A minha pele ainda se lembra

Minha pele ainda se lembra de quando estava intacta. Lembra de mergulhar em ondas de arrepio a cada anúncio da tua chegada. Da pulsação acelerada ao giro da maçaneta, denunciando a fome para teu corpo se adentrar ao meu. De como era bem-vindo esse saciar de saudades. Minha pele se recorda da sensação da sala bagunçada, roupas e risos se confundindo num misturar astuto, por horas que não eram compostas por minutos, mas por eternidades. De como o teu perfume se agarrava ao meu hidratante e assim fazia nascer o nosso cheiro. Minha pele sabe descrever sem rodeios os tons vermelhos que teus dedos imprimiam à frágil capa das minhas coxas.

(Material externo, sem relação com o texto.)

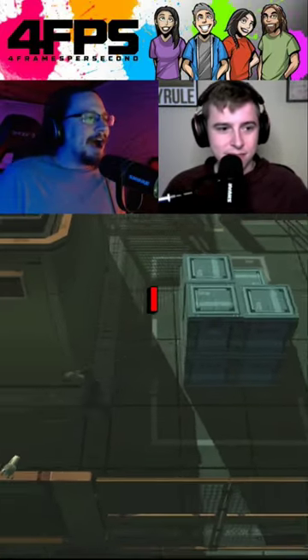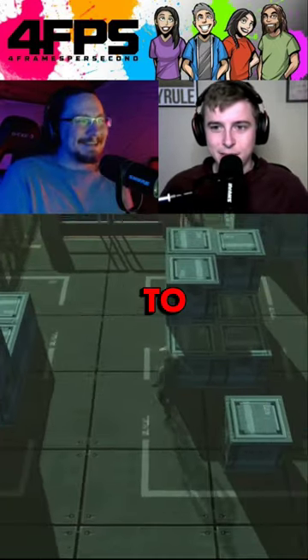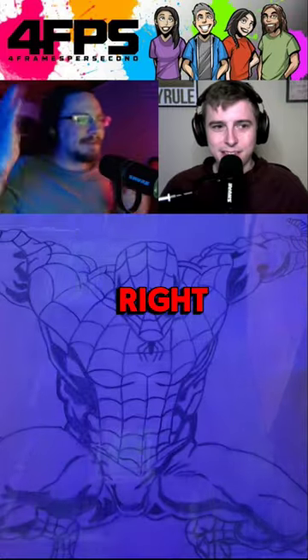I know the first thing everyone was thinking was like, 'dude's packing.' I didn't mean to. On the screen right now, if I found it, is my drawing of Spider-Man's package.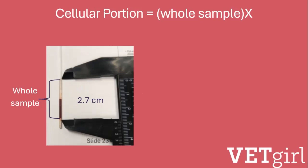On the left, I measure the whole sample from the top of the clay plug to the top edge of the plasma. In that sample, that space is about 2.7 centimeters.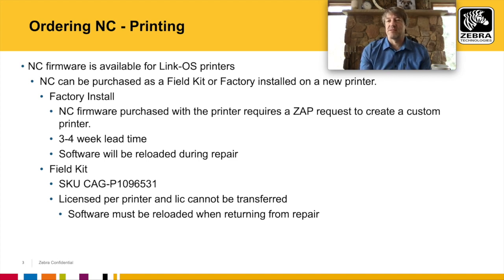The benefit of factory install is that when you send the printer in for repair, it will come back with the same software that you ordered it with.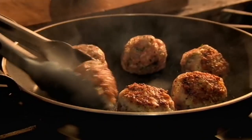Fry the pork and prawn balls in a pan until golden, then transfer to the bubbling broth. Add handfuls of spinach, then serve, topped with finely sliced spring onions.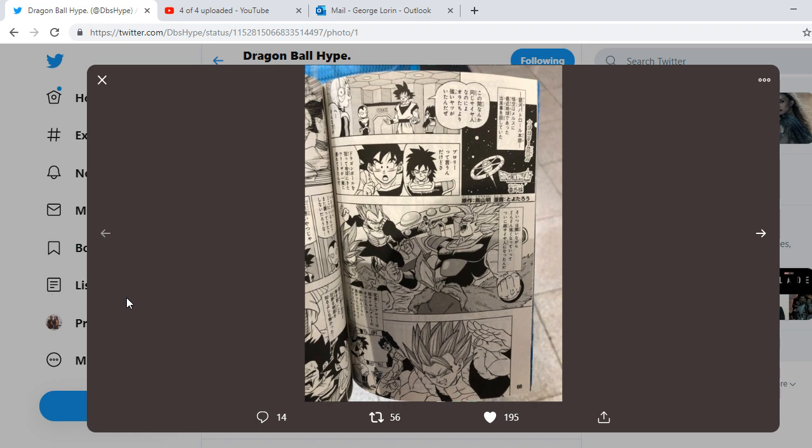Still, during the Moro arc, Goku and Vegeta are on the Galactic Patrol ship talking to Jaco and Merus, filling them in on what's been going on. Goku actually explains a little bit about Broly — you can see in this panel Goku explaining who Broly is. I want to thank DBS Hype and Super DBS Chronicles for posting this.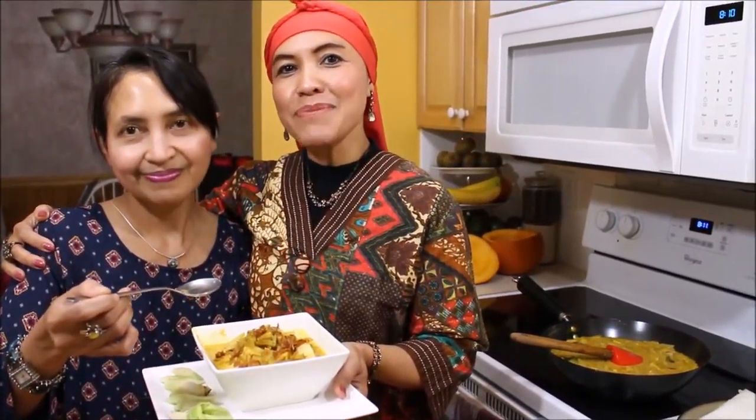Okay guys, thank you for watching. Please follow me on Facebook and Instagram at Marwati Cuisine, please subscribe, and we'll be back with another yummy recipe. Stay tuned, and thank you!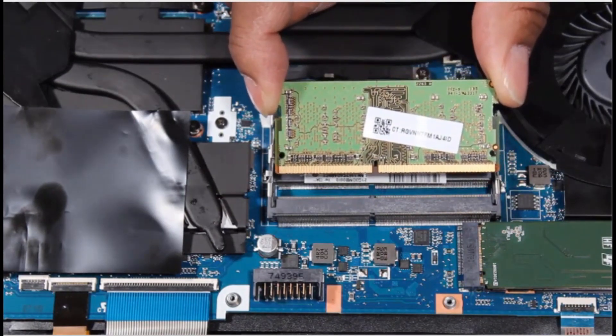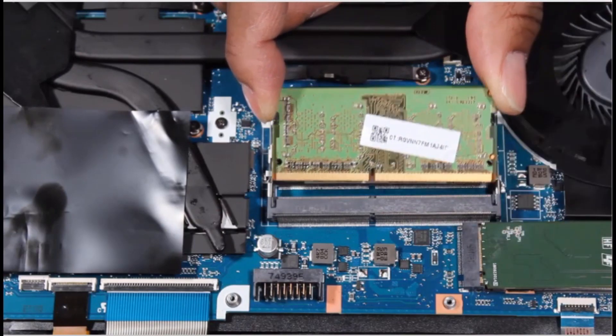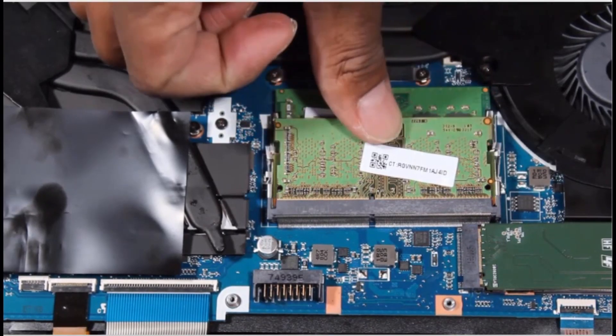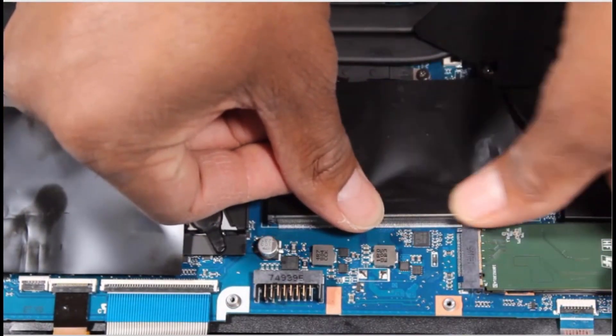Replacement. Align the notch in the memory module with the key in the memory module slot on the system board. At an angle, gently insert the memory module into its slot on the system board. Press the memory module down to latch the arms. Replace the mylar piece that covers the memory modules.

É capaz de distinguir a voz rouca de cada poro implorando um toque a mais, e confidenciar o encarte que compôs para guardar tuas digitais.

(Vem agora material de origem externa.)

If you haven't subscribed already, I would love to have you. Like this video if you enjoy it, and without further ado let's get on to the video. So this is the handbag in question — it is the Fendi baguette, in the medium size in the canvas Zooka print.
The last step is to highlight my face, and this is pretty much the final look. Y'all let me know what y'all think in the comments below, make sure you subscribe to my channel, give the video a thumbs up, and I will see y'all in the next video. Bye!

Ela tem memórias dos resmungos que exclamava por debaixo do casaco, nas noites de vinho e vento frio no terraço. De como ao teu lado era leve o meu passo, que se acostumou a andar sem o incômodos dos calos. Minha pele se recorda do caminho que o suor abria nas tardes ensolaradas em que dançávamos pelo quarto ao som de um disco qualquer, que para essa festa acontecer a verdadeira atração era a gente se ter. Ela ainda sabe descrever em minúcias o frescor da água do chuveiro morno, que não se decidia se pingava sobre o meu ou teu corpo, confusa ficava diante da imensidão de nós. Minha pele conta tantas vezes tantas histórias que já não sei se escuto memórias ou invenções. Ela repete que você é a sua tatuagem mais feliz. Eu escuto cheia de atenções, e no fim lhe lembro: é preciso curar essa cicatriz.